In recent weeks, I have distributed articles describing plans by Democratic presidential hopefuls Elizabeth Warren, Kamala Harris and Bernie Sanders to increase income taxes to 70% or even 90% on the rich, impose “wealth taxes” on their net worth and impose estate taxes that are equally onerous when they die. The result would be that working people would pay state and local income tax on their wages, super-high income taxes on interest and dividends and annual wealth taxes and whatever was left over would be confiscated when they die.

In case you think these proposals are too extreme to become law, you might want to check out the polls. This article says that recent polls show 74% of registered voters support a 2% annual wealth tax on those with $50 million of assets and 3% on those with $1 billion of assets.

Don’t assume you’re exempt just because your annual income is lower. Those tax thresholds are on wealth, not income, and could include stocks, bonds, business equity and intangible business equity for doctors, dentists and lawyers.

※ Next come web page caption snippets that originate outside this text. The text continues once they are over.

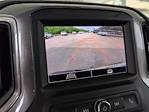 New 2025 Chevrolet Silverado 1500 Custom Crew Cab 4x4 Pickup for sale #SG210850 - photo 26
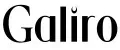 Galiro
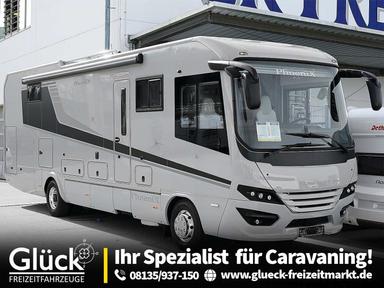 PhoeniX Liner 10.800 BMAMX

The history of these taxes is that the rates start low and the thresholds start high, but it’s just a matter of time before rates rise, thresholds drop and everyone is handing over their wealth.

Another poll shows 59% of voters support the 70% income tax rate proposed by Rep. Alexandria Ocasio-Cortez (D-New York). Politicians go where the votes are. Right now, the votes are in favor of much higher taxes on you.